Abstract:Disparate biases associated with datasets and trained classifiers in hateful and abusive content identification tasks have raised many concerns recently. Although the problem of biased datasets on abusive language detection has been addressed more frequently, biases arising from trained classifiers have not yet been a matter of concern. Here, we first introduce a transfer learning approach for hate speech detection based on an existing pre-trained language model called BERT and evaluate the proposed model on two publicly available datasets annotated for racism, sexism, hate or offensive content on Twitter. Next, we introduce a bias alleviation mechanism in hate speech detection task to mitigate the effect of bias in training set during the fine-tuning of our pre-trained BERT-based model. Toward that end, we use an existing regularization method to reweight input samples, thereby decreasing the effects of high correlated training set' s n-grams with class labels, and then fine-tune our pre-trained BERT-based model with the new re-weighted samples. To evaluate our bias alleviation mechanism, we employ a cross-domain approach in which we use the trained classifiers on the aforementioned datasets to predict the labels of two new datasets from Twitter, AAE-aligned and White-aligned groups, which indicate tweets written in African-American English (AAE) and Standard American English (SAE) respectively.

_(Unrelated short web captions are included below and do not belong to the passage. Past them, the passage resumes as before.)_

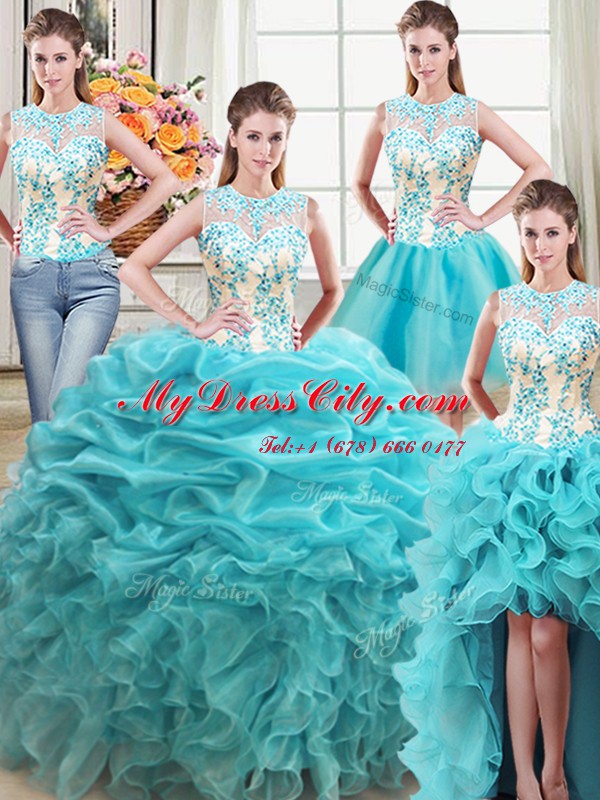 Captivating Four Piece Scoop Aqua Blue Ball Gowns Beading and Ruffles Quinceanera Gown Lace Up Organza Sleeveless Floor Length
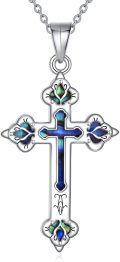 wholesale 925 Sterling Silver Celtic Knot Cross with Blue and Green Enamel Pendants for Women Girls s Chain Length: 46cm (18)-0-0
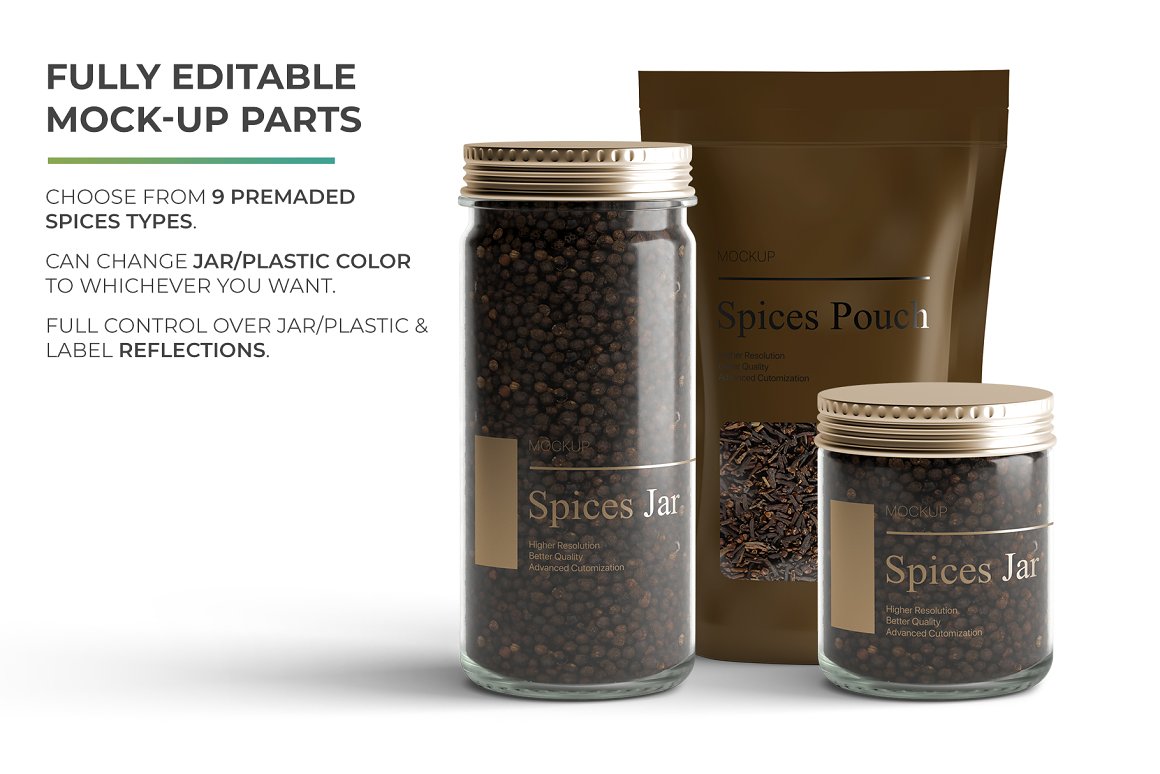 A set of 2 glass spice jars with a brown cover and brown label and a brown zip bag with spices.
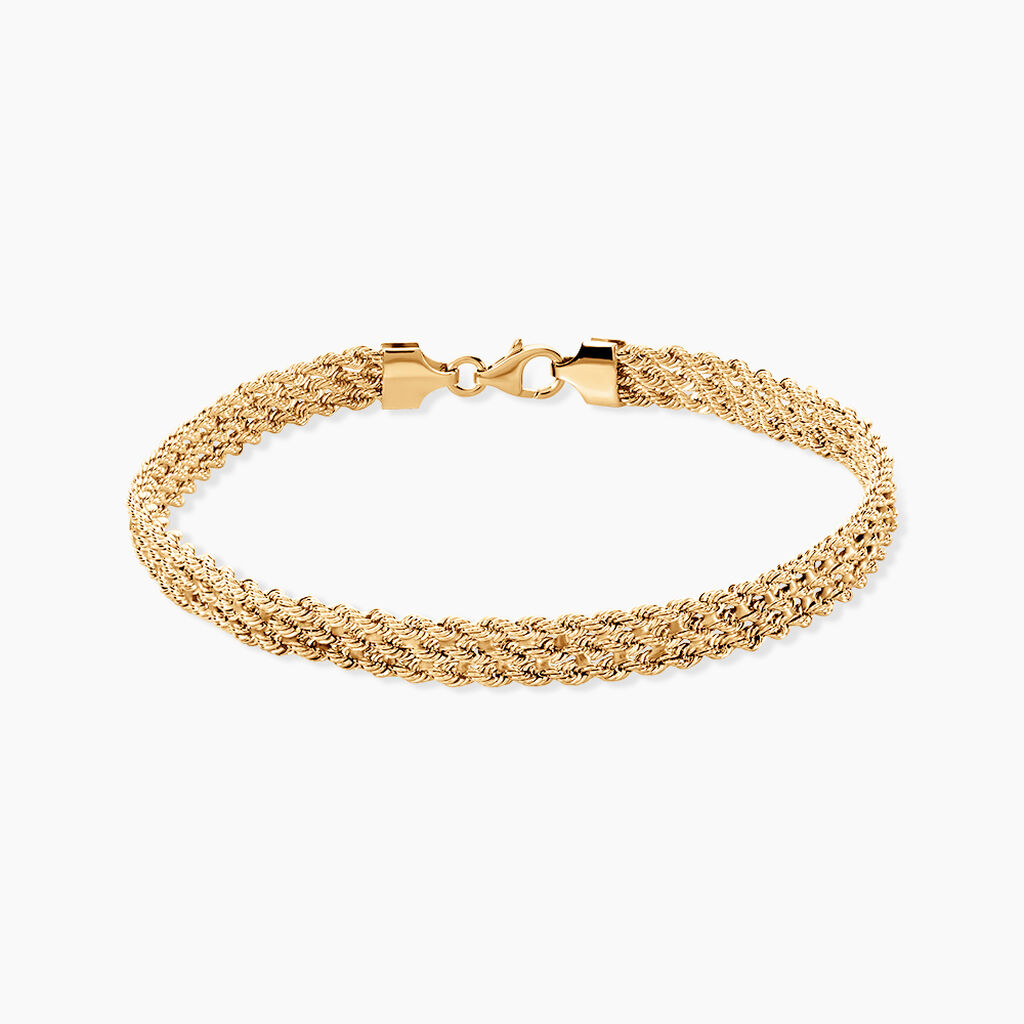 Bracelet Cordelia Maille Corde 3 Rangs Or Jaune - Bracelets cha&icirc;ne Femme | Histoire d&rsquo;Or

The results show the existence of systematic racial bias in trained classifiers as they tend to assign tweets written in AAE from AAE-aligned group to negative classes such as racism, sexism, hate, and offensive more often than tweets written in SAE from White-aligned. However, the racial bias in our classifiers reduces significantly after our bias alleviation mechanism is incorporated. This work could institute the first step towards debiasing hate speech and abusive language detection systems.